Novalyn Ontiveros, a 17-year-old senior, said a lot of people her age were talking about the shooting on social media. She was writing to Conaway, a Midland Republican, to urge stricter gun laws.
“It’s a big deal and not many people think we should have a say in it, but I think we can make a change,” Ontiveros said.
Eighteen-year-old senior Octavian Hinds said there are a lot of people getting gunned down and dying just doing everyday things.
“It strikes fear in kids’ hearts, like me, her anyone that comes into school because we never know when it’s going to happen to us because it happens to kids all over the country — Oregon to Florida to New York. There’s no boundary on it and there’s no one who’s safe from it,” Hinds said.
“So unless there is some type of action to reform it and keep guns from people like that, or just find a new system that works better like other countries do, it’s all vital because kids like me are scared to come to school … It’s worrisome at times, but hopefully one day I can send my kids to school without being worried,” Hinds added.
Associate Principal for Operations Tony Parris said he was impressed by the students taking action to organize the event.

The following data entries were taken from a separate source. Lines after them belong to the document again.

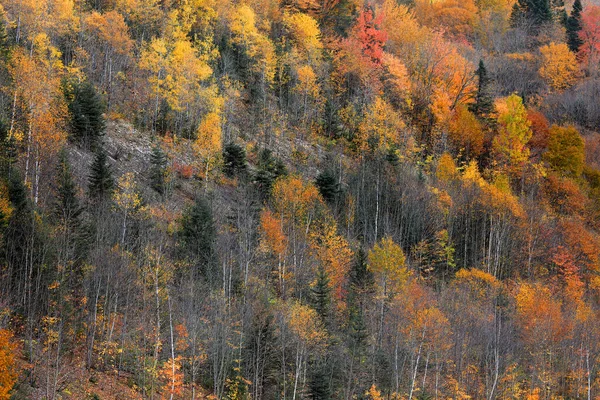 Feuillage Automne Dans Les Montagnes Québec — Photo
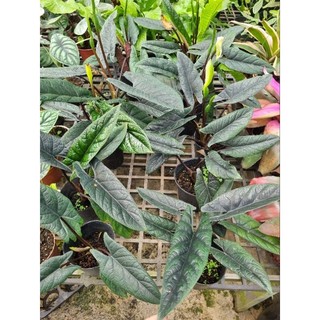 Cây Alocasia scalprum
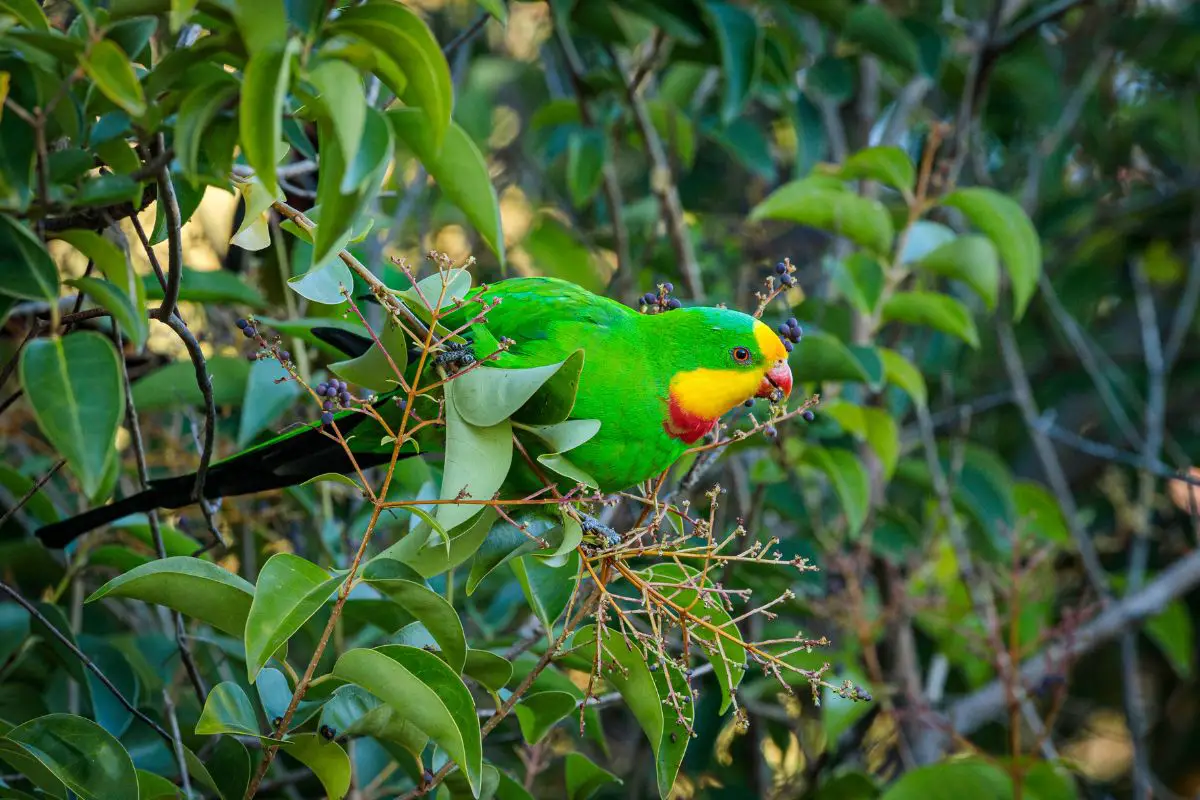 a male Superb Parrot feeding in a tree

“It was their idea to put this all together,” Parris said. “They took all the initiative. They advertised it. I think we’ve got a really good turnout.”
“… You take the politics out of it and it’s about kids supporting kids. They waited long enough for the emotion of the event to go by. Time had passed and they still wanted to show support for the kids and what they’ve been through. They took the politics out of it. They didn’t pick a side. But they said what we’re going to do is support those kids and let them know there’s other people out here that are thinking about them,” Parris said.
Lisa Roth, an English teacher who also teaches in the International Baccalaureate program, said she is proud of the students for coming up with the idea for the letter-writing campaign.
“… There were several incarnations of what this might look like, or sound like. They listened to input, they made adjustments but this is really well done, well executed. I really like that it’s an authentic experience, a way to build community, a way to open a conversation on a difficult subject in our community. If you don’t open those conversations, how can you solve problems?” Roth said.
She noted that Chicken Express donated the food.